Provided information:

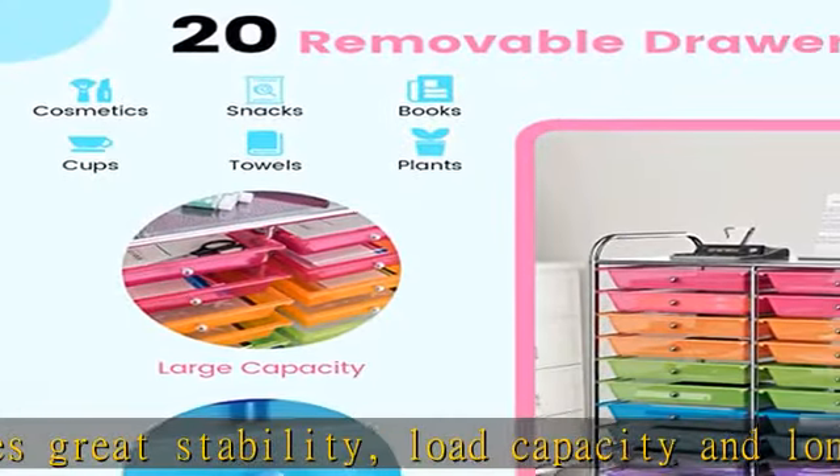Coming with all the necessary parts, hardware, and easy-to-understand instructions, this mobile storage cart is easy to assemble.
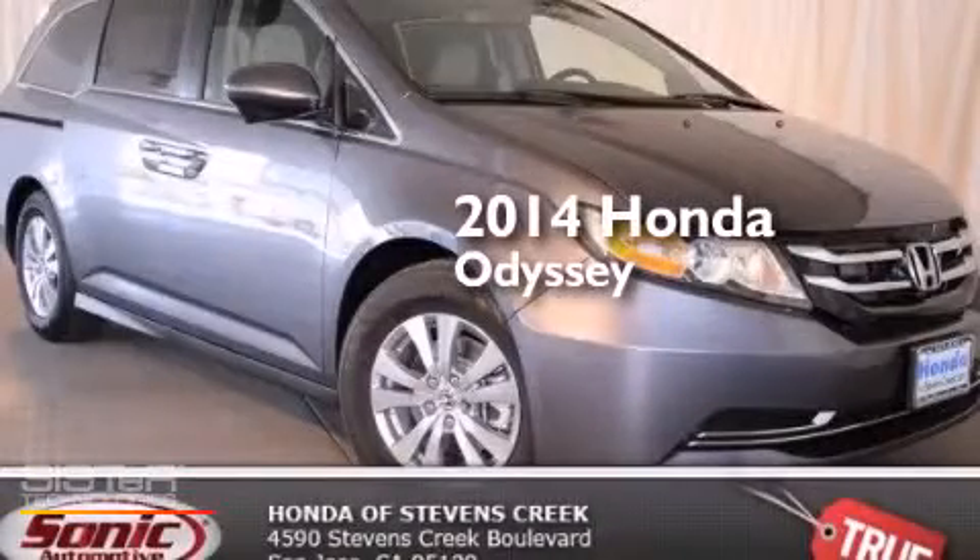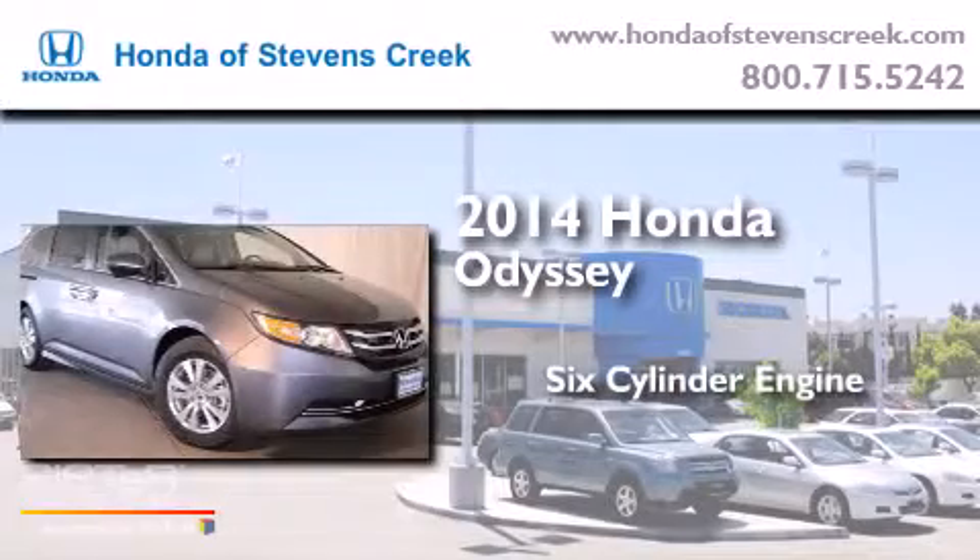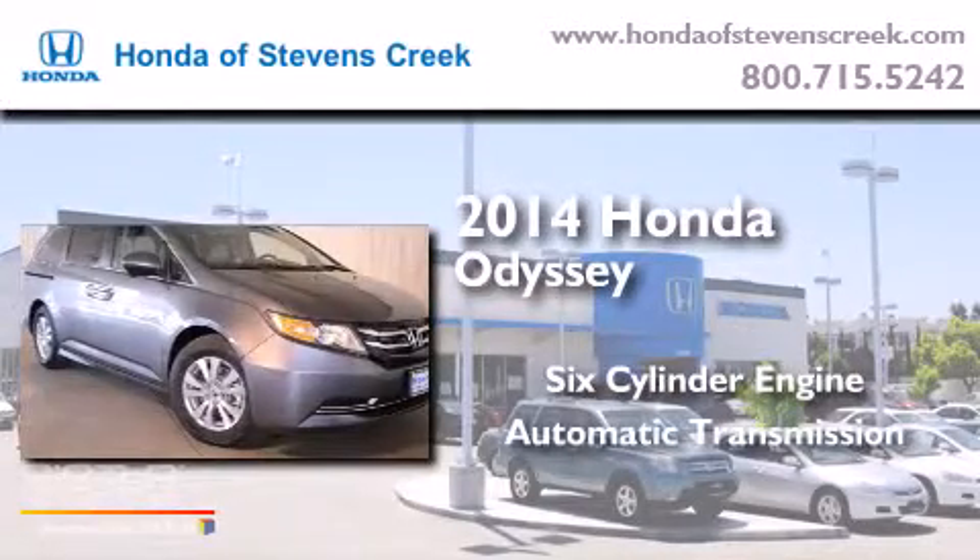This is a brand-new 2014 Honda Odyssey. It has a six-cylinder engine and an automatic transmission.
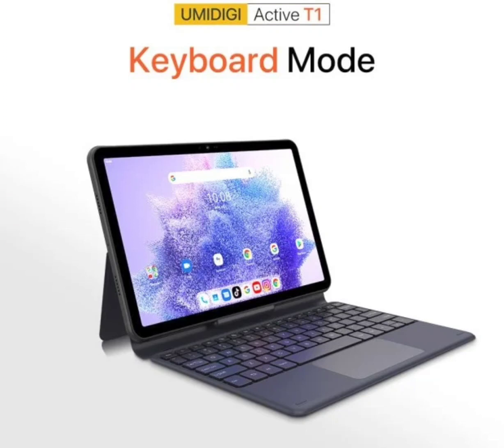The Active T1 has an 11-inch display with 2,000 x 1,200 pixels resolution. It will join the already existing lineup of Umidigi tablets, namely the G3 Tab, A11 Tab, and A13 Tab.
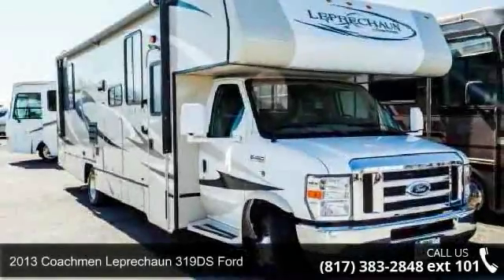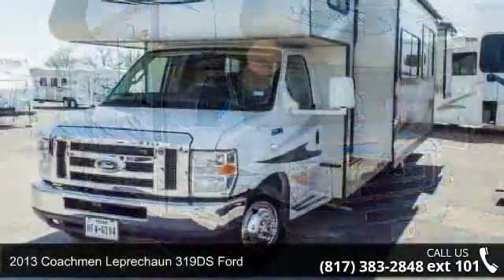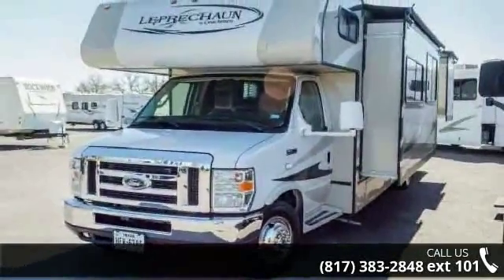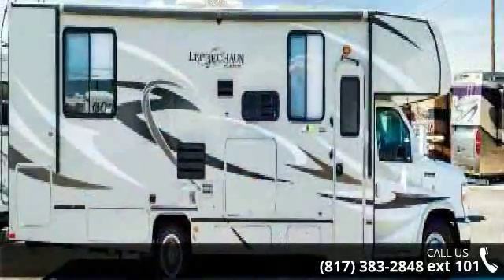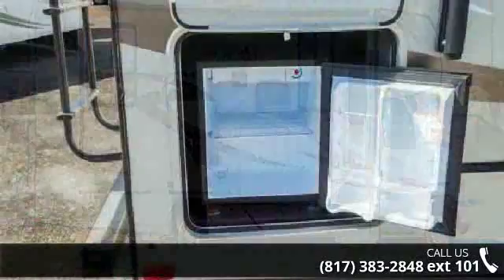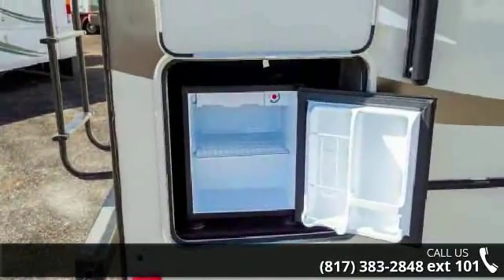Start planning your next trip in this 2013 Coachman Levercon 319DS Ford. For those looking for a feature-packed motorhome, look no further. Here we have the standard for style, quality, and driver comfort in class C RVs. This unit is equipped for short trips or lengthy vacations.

* * *

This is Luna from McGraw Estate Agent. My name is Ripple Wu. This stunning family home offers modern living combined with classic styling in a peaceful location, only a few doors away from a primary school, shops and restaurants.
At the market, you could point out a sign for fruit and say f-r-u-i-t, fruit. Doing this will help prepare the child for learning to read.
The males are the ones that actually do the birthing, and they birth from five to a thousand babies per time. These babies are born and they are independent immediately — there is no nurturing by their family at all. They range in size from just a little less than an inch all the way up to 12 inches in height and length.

What to work on: Of the lines above, copy only those from the one holding "Coming with all" to the one holding "Start planning your", both included, and exclude every image.

Exercise response:
Coming with all the necessary parts, hardware, and easy-to-understand instructions, this mobile storage cart is easy to assemble.
This is a brand-new 2014 Honda Odyssey. It has a six-cylinder engine and an automatic transmission.
The Active T1 has an 11-inch display with 2,000 x 1,200 pixels resolution. It will join the already existing lineup of Umidigi tablets, namely the G3 Tab, A11 Tab, and A13 Tab.
Start planning your next trip in this 2013 Coachman Levercon 319DS Ford. For those looking for a feature-packed motorhome, look no further. Here we have the standard for style, quality, and driver comfort in class C RVs. This unit is equipped for short trips or lengthy vacations.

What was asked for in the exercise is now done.